Para o clínico Paulo Olzon,
da Unifesp, os tratamentos
devem ser ainda menos seguidos no Brasil.
"Temos muito mais condições de não usar a medicação
do que os americanos. A adesão necessita de uma boa relação entre médico e paciente. Aqui o paciente do SUS ou
de convênio é atendido telepaticamente, o que não traz
confiança", diz.
HIPERTENSÃO
Para ele, é mais fácil que as
pessoas obedeçam o médico
em casos agudos, porque a
pessoa toma remédio por
pouco tempo e o risco de ter
complicação é mais evidente. "Já o uso crônico é extenuante e traz efeitos colaterais.

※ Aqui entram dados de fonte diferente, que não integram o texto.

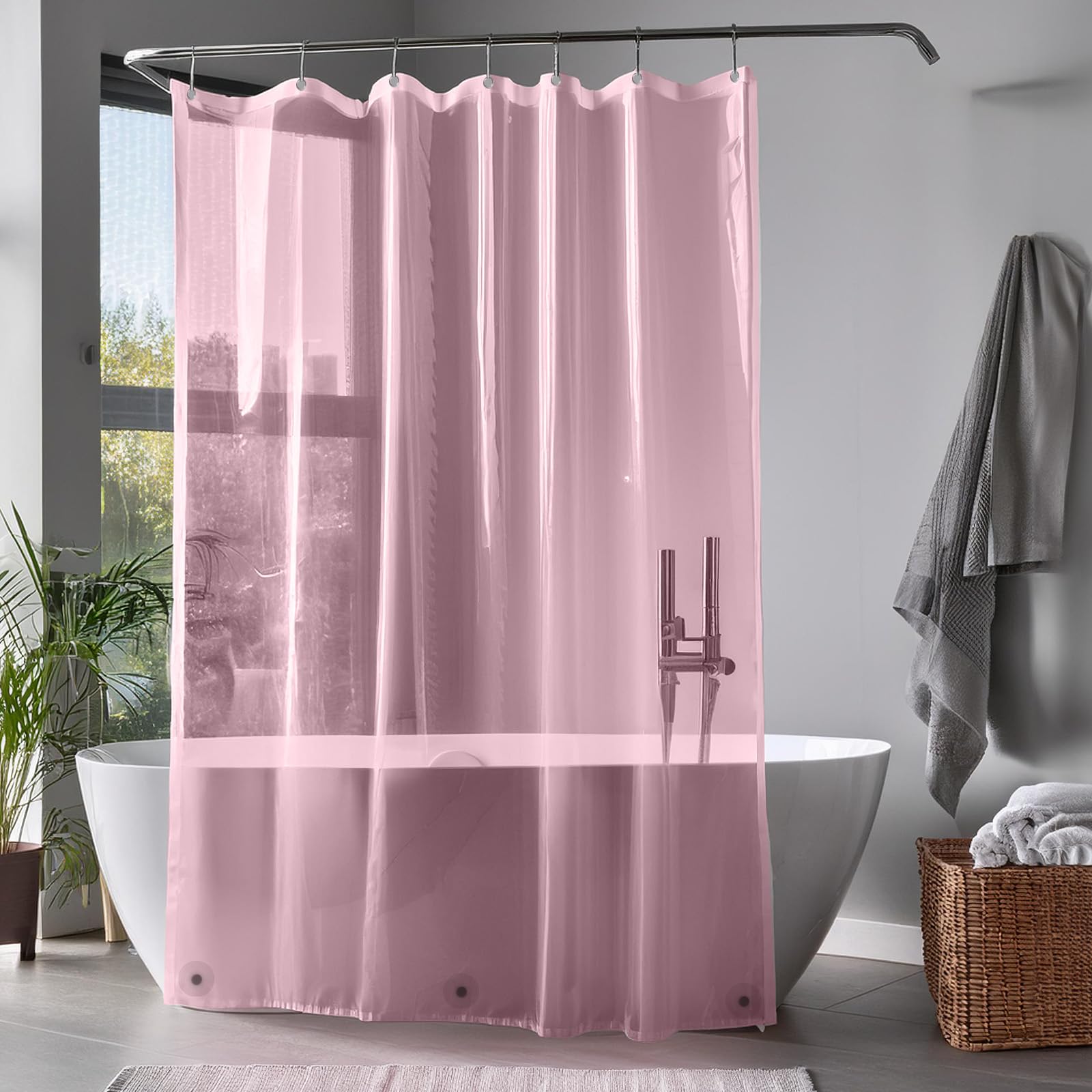 Cortina de Ducha Rosa - 180x180 cm - Cortina Ducha Premium PEVA + Ojales Antioxidantes + 3 Imanes, Impermeable y Ligera - Cortina Baño - Rosa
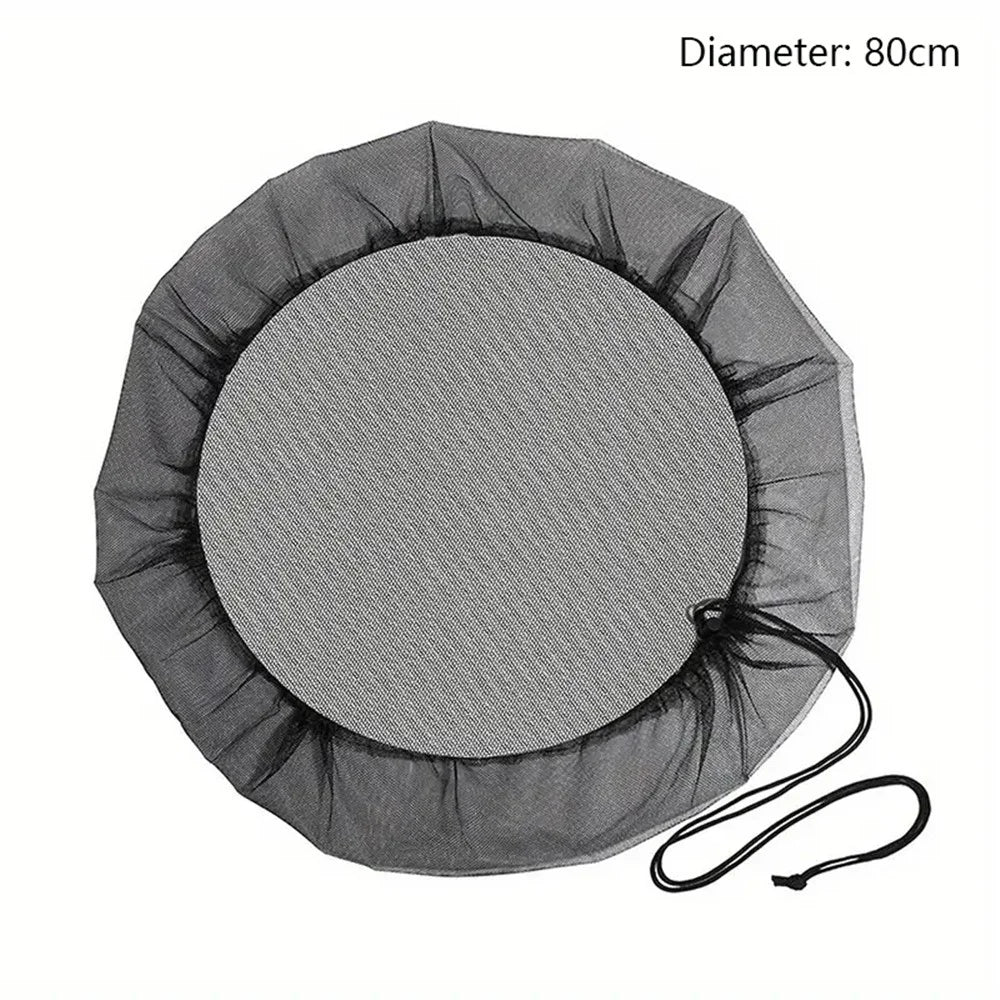 80cm Diameter Anti-Mosquito Mesh Cover for Rain Barrel Water Collection Bucket Netting Cover - Black - 1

O paciente abandona."
Para Antônio Carlos Lopes, presidente da Sociedade
Brasileira de Clínica Médica,
a realidade brasileira não é
como a americana. "Brasileiro gosta de tomar remédio",
diz. Segundo ele, quando o
paciente sai de uma consulta
sem receita, acha que não foi
bem atendido.
No caso específico da hipertensão, a cardiologista
Fernanda Consolin, do InCor
(Instituto do Coração), lembra que no Brasil só 10% a
12% dos pacientes diagnosticados controlam o problema.
"O indivíduo não está sentindo nada e tem que tomar
cinco comprimidos por dia.
Uma hora ele cansa", diz.
A cardiologista cita também a crença em chás e ervas
e a falta de acompanhamento frequente para medir a
pressão como fatores que explicam a baixa adesão.